University of Louisville, USA.
Atherosclerosis. 2013 Apr;227(2):429-36. doi: 10.1016/j.atherosclerosis.2013.01.022. Epub 2013 Jan 29.
While nonalcoholic fatty liver disease (NAFLD) is associated with the metabolic syndrome, it is not known if NAFLD plays an independent role in the atherogenic dyslipidemia phenotype.
The Multi-Ethnic Study of Atherosclerosis (MESA) is a population-based prospective cohort study of adults free of clinical cardiovascular disease at enrollment. We tested for a relationship between NAFLD, defined as a liver/spleen (L/S) attenuation ratio of <1 on a non-contrast cardiac CT scan, and multiple measures of fasting serum lipoprotein size, cholesterol and particle concentrations. NAFLD was present in 569 (17%) of 3362 participants. After adjustment for multiple metabolic risk factors, adiposity and measures of insulin resistance (HOMA-IR), NAFLD was independently associated with higher fasting serum triglycerides and lower serum HDL-C. Despite a lack of association with LDL-C, NAFLD was associated with higher LDL particle concentration and lower LDL particle size. Modeling the L/S ratio as a continuous variable, a severity dependent association was observed between atherogenic lipoprotein abnormalities and NAFLD.
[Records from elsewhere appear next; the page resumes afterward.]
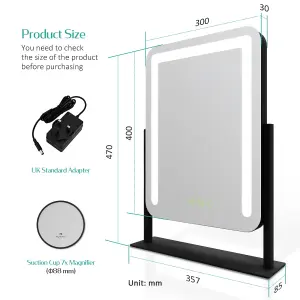 EMKE Hollywood Vanity LED Mirror with 7X Magnifier, 3 Color Lighting, Rotation, Adjust Brightness, 40x30cm, Black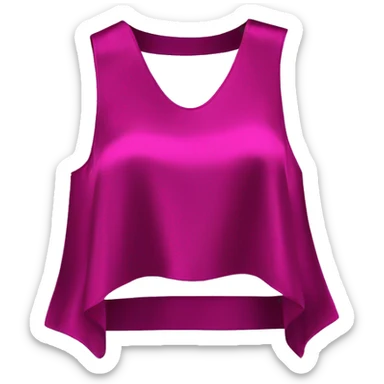 Realistic magenta cut out silk crop top blouse. sticker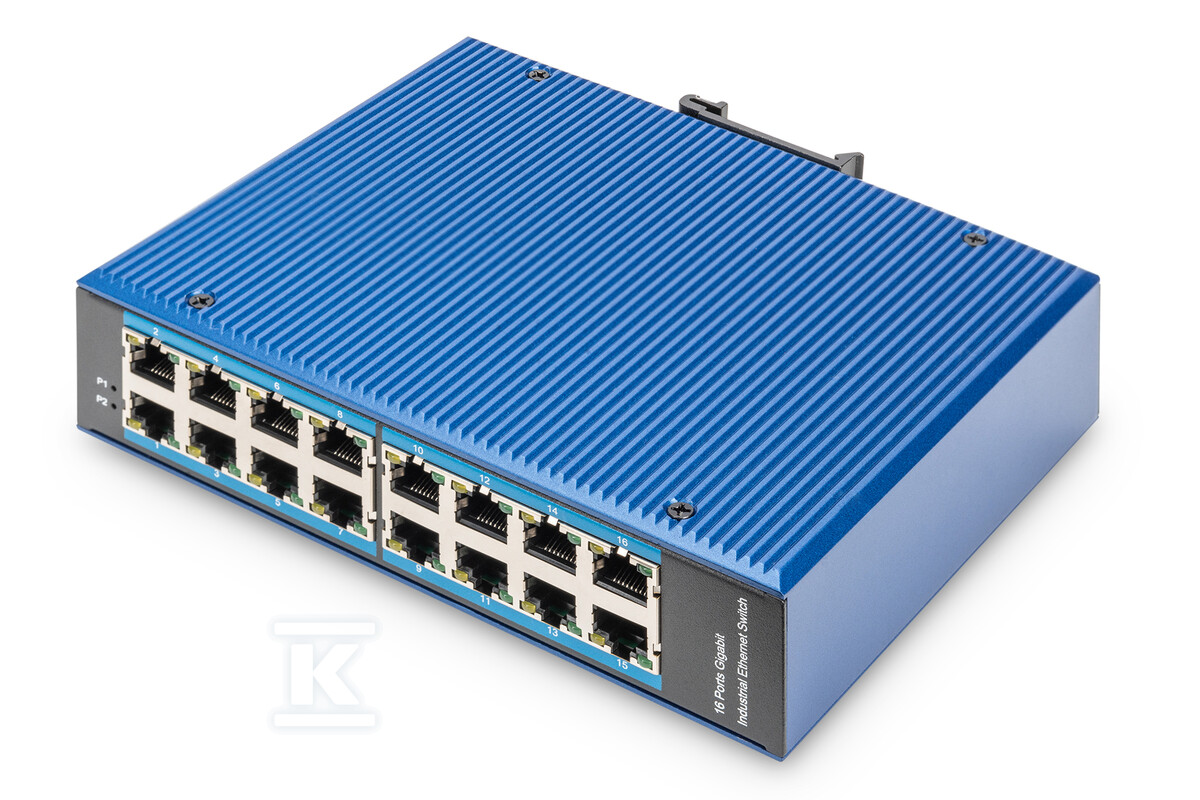 Przemysłowy switch 16x 1000Base-TX DIN - DN-651129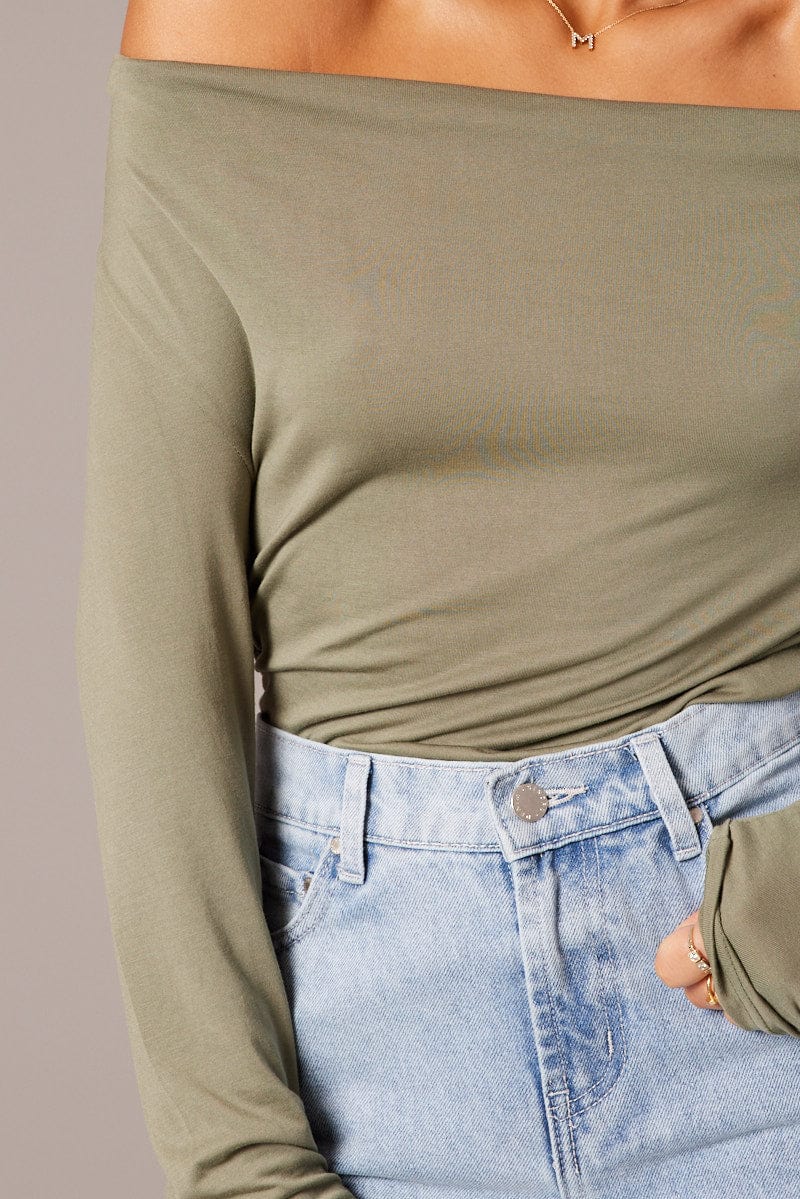 Green Off Shoulder Top Long Sleeve - Image 6
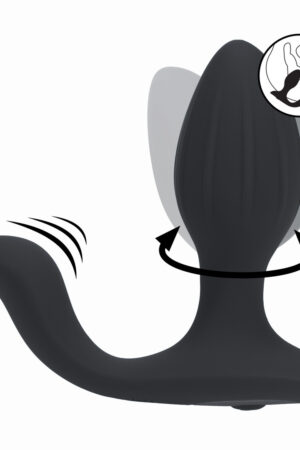 Plug anale vibrante e rotante in silicone con stimolatore a sfera - Nero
In a large, multi-ethnic, gender balanced cohort, CT-diagnosed NAFLD was associated with the atherogenic dyslipidemia phenotype in a dose dependent fashion. These relationships persisted after adjustment for several metabolic risk factors and HOMA-IR, suggesting a possible independent pathophysiologic role between NAFLD and dyslipidemia.
虽然非酒精性脂肪性肝病(NAFLD)与代谢综合征有关,但尚不清楚 NAFLD 是否在动脉粥样硬化性血脂异常表型中起独立作用。
多民族动脉粥样硬化研究(MESA)是一项基于人群的前瞻性队列研究,研究对象在入组时无临床心血管疾病。我们检测了非对比性心脏 CT 扫描上肝脏/脾脏(L/S)衰减比值<1 的 NAFLD 与多种空腹血清脂蛋白大小、胆固醇和颗粒浓度指标之间的关系。3362 名参与者中有 569 名(17%)存在 NAFLD。在调整了多种代谢危险因素、肥胖和胰岛素抵抗(HOMA-IR)指标后,NAFLD 与空腹血清甘油三酯升高和血清 HDL-C 降低独立相关。尽管与 LDL-C 无关,但 NAFLD 与 LDL 颗粒浓度升高和 LDL 颗粒大小降低有关。将 L/S 比值作为连续变量进行建模,观察到载脂蛋白异常与 NAFLD 之间存在与严重程度相关的关系。
在一项大型、多民族、性别平衡的队列中,CT 诊断的 NAFLD 与动脉粥样硬化性血脂异常表型呈剂量依赖性相关。在调整了几种代谢危险因素和 HOMA-IR 后,这些关系仍然存在,表明 NAFLD 和血脂异常之间可能存在独立的病理生理关系。